Jaren geleden, ruim voor 2019, deed ik onderzoek naar onderwijshuisvesting voor een magazine van een overheidsorganisatie,. Na kritische vragen aan een ministerie is het artikel geschrapt. Voor mijn uitgebreide onderzoek kreeg ik nog een financiële vergoeding en verder was het einde samenwerking. Het bewijst maar hoe politiek gevoelig deze zaak ligt.

Later kreeg ik bij de Vereniging voor Nederlandse Gemeenten (VNG) weer met het onderwerp te maken en ook daar bleek dat er amper door de materie heen te komen valt. Onderwijsinstellingen wijzen naar gemeenten die wijzen naar de Rijksoverheid die wijzen naar onderwijsinstellingen voor het onderhoud aan panden. Het geld is er niet, of heeft de instelling er niet voor over, want er moeten ook leraren, lesmaterialen en speelmogelijkheden komen en daar gaat veel van het beschikbare budget aan op.

Gemeenten zijn verantwoordelijk voor bekostiging van (vervangende) nieuwbouw en uitbreiding van scholen.
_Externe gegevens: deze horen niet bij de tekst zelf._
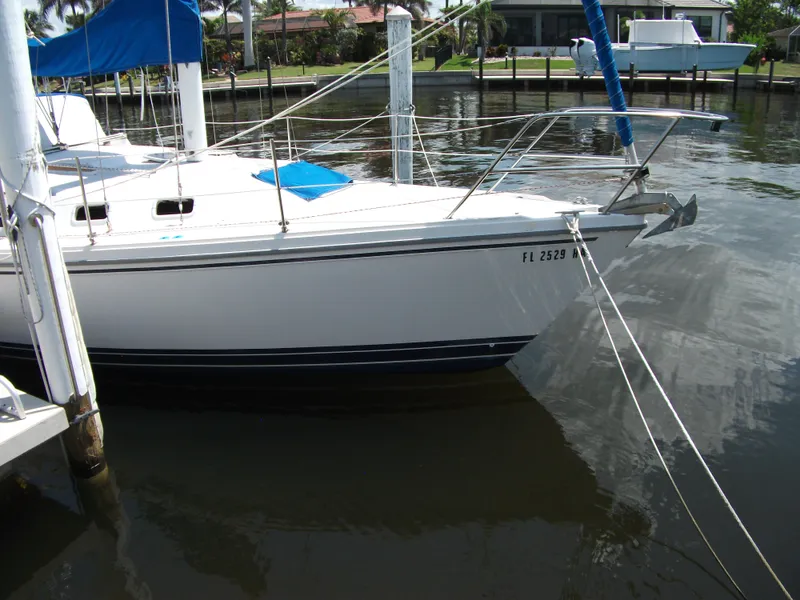 Slide: The Image of 1992 Catalina 30 MkII sailboat docked in a marina, featuring a sleek white hull. - 1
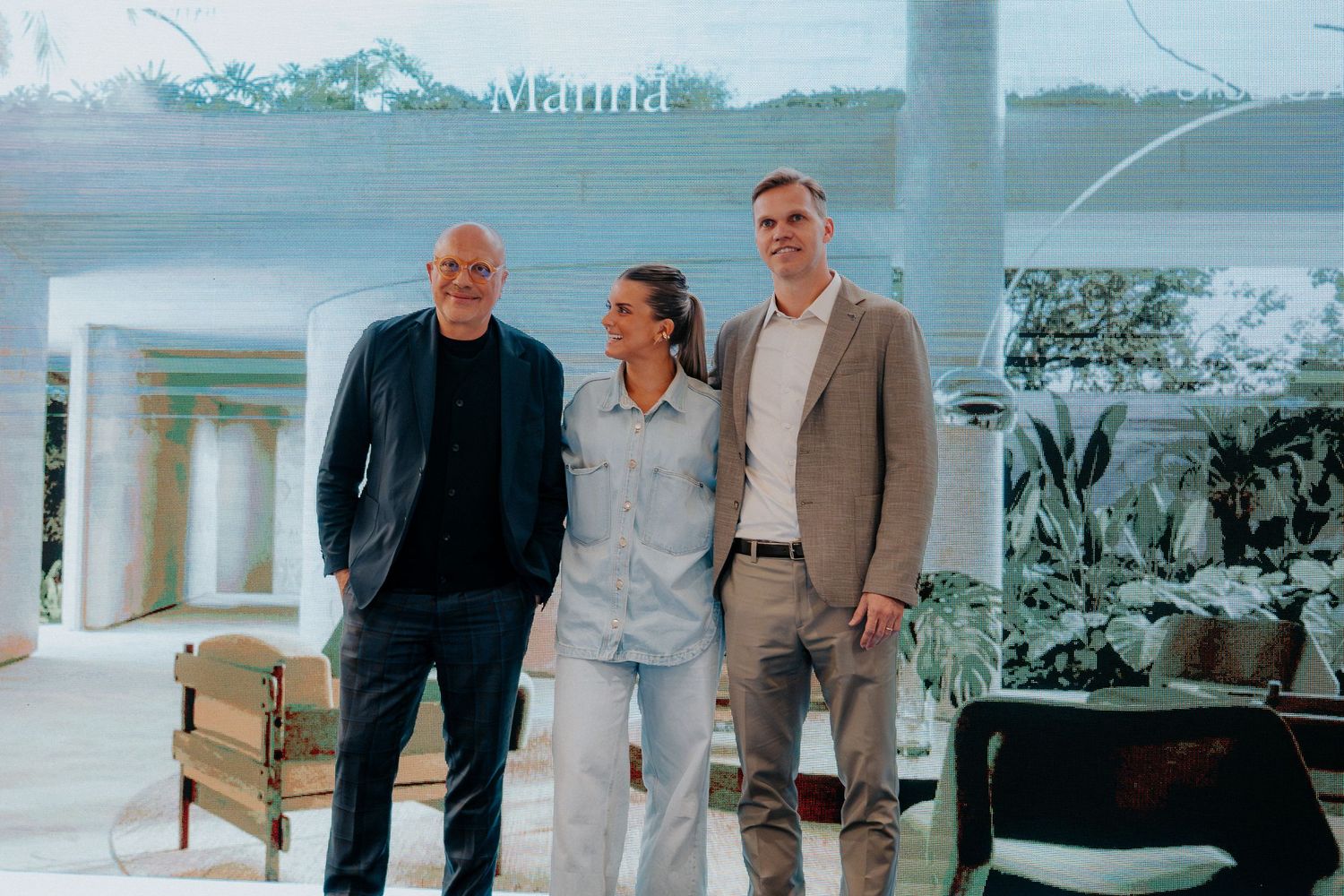 Three people standing together in casual business attire against scenic outdoor backdrop.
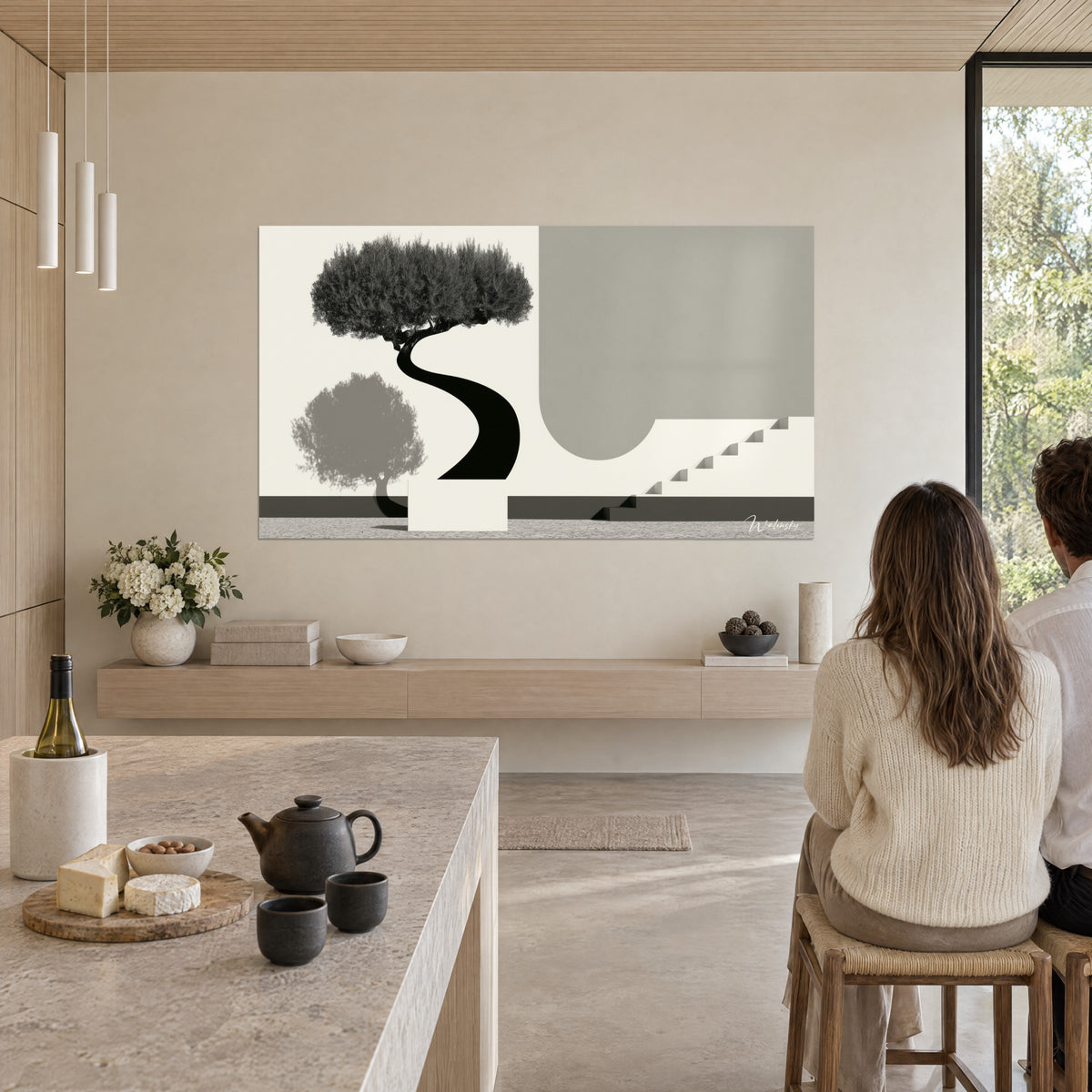 Tableau bonsaï noir au tronc ondulant et marches anthracite, accroché au mur beige d'une cuisine ouverte, deux personnes de dos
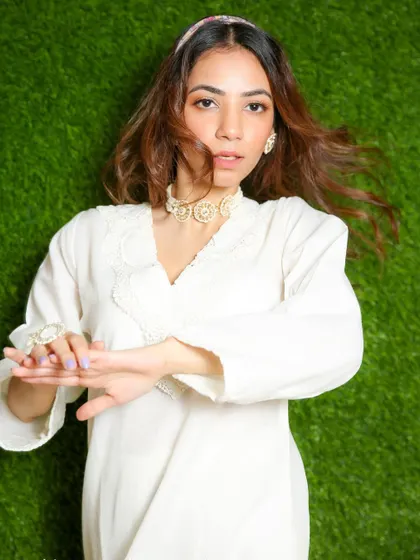 A dynamic shot with movement, capturing the flow of the model's hair and the light fabric of her white kurta.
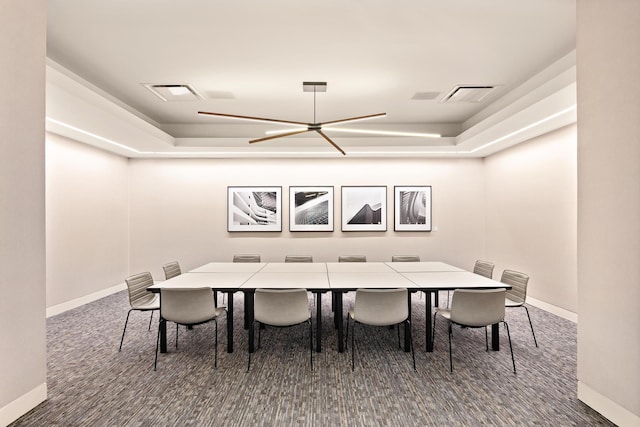 dining area featuring baseboards, visible vents, and a raised ceiling
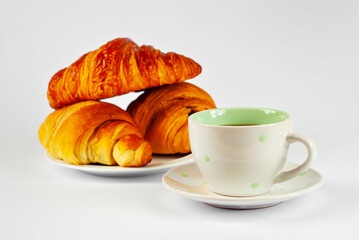 Yellow croissant in a plate and coffee isolated on a white background. Classic breakfast close up.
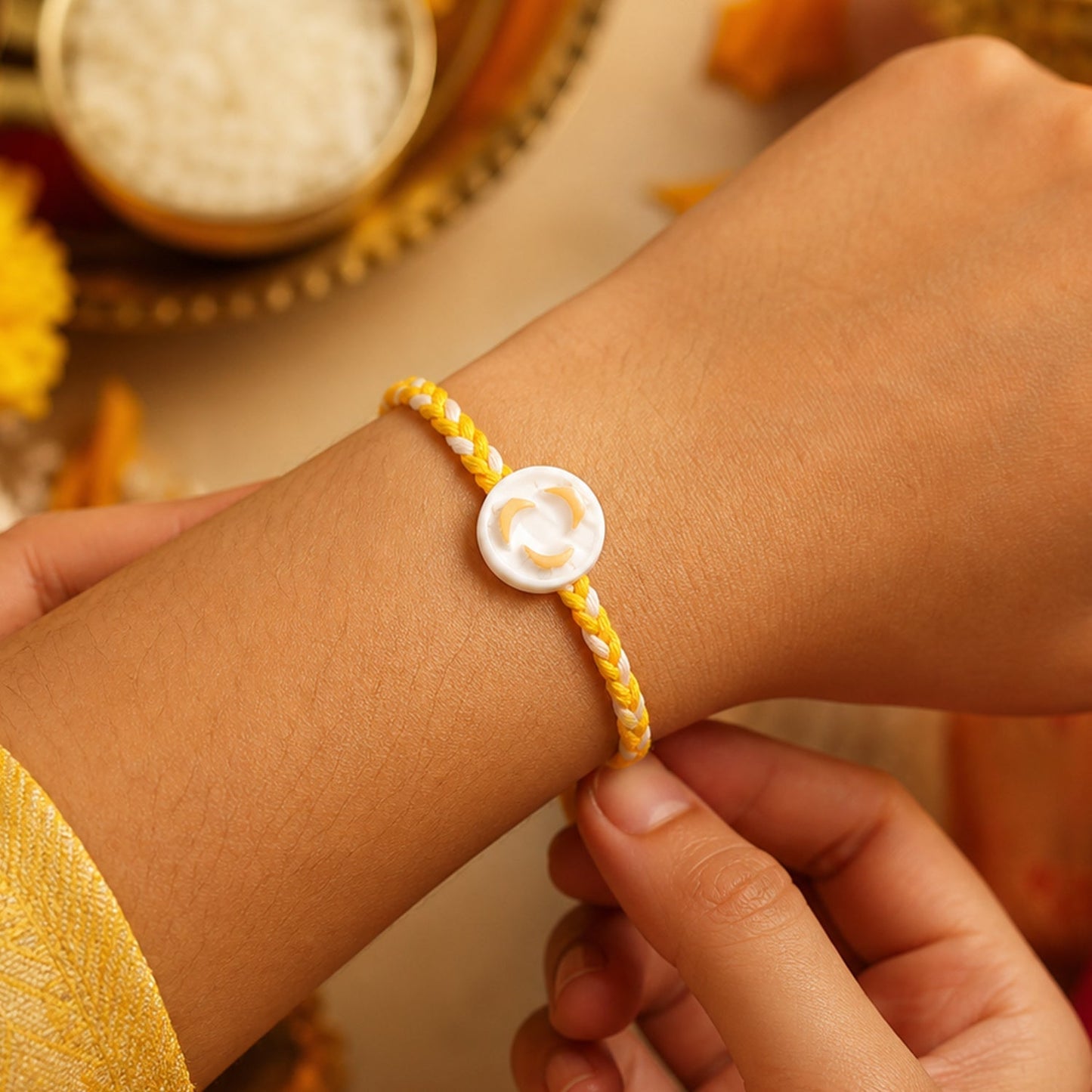 Close-up of the White Round Charm on the Rakhi showing its detailed design
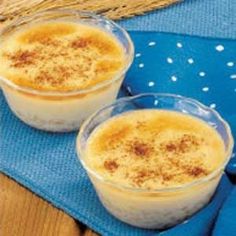 two small bowls filled with food on top of a blue towel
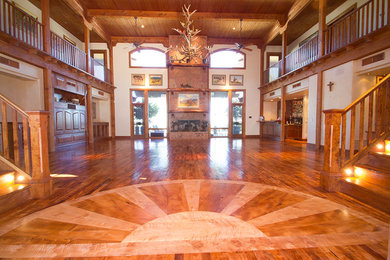 Modelo de salón abierto de estilo americano grande con paredes blancas y suelo de madera en tonos medios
Zij vragen het Rijk al jaren om meer middelen om de achterstanden weg te werken, maar ze krijgen het niet. In november vorig jaar schreef de verantwoordelijk minister nog dat dat niet ging gebeuren. De VNG, en onderwijsvertegenwoordigers van de PO-raad en VO-raad schreven in reactie: “Gemeenten en schoolbesturen doen wat nu in hun macht ligt. Ze kunnen met de huidige bekostiging maar een te beperkt aantal schoolgebouwen vernieuwen en verbeteren.”

Toenmalig minister Dennis WIersma vond dat er iets moest gebeuren aan de schoolgebouwen: “In mijn visie heeft het schoolgebouw van de toekomst een prettig binnenklimaat en is het geschikt voor modern en inclusief onderwijs, circulair gebouwd, modulair, adap tief en energieneutraal. Dit verdienen de 2,5 miljoen leerlingen die elke dag les krijgen in de ruim 9000 schoolgebouwen die Nederland rijk is. Dit verdienen ook de 285.000 leraren, conciërges, onderwijsassistenten, schoolleiders en alle andere medewerkers die zich elke dag inzetten voor het beste onderwijs in deze gebouwen.”

Wiersma kwam met een politieke oplossing, in goed Nederlands een Taskforce, die met een rapport kwam, waar de minister dit najaar op zou reageren. Nu is er weer de oproep om er iets aan te doen, net nadat de verkiezingsprogramma’s geschreven zijn. Of de reactie komt? Dat is afwachten, Wiersma is al lang vertrokken wegens een te kort lontje. Of het een rol speelt in de campagne? Nee. Hooguit in een enkel onderwijsdebat of in een bijzin van een groter debat. Net als bij talrijke vorige verkiezingen blijft het een onderwerp in de marge, terwijl de schoolgebouwen verder in verval raken.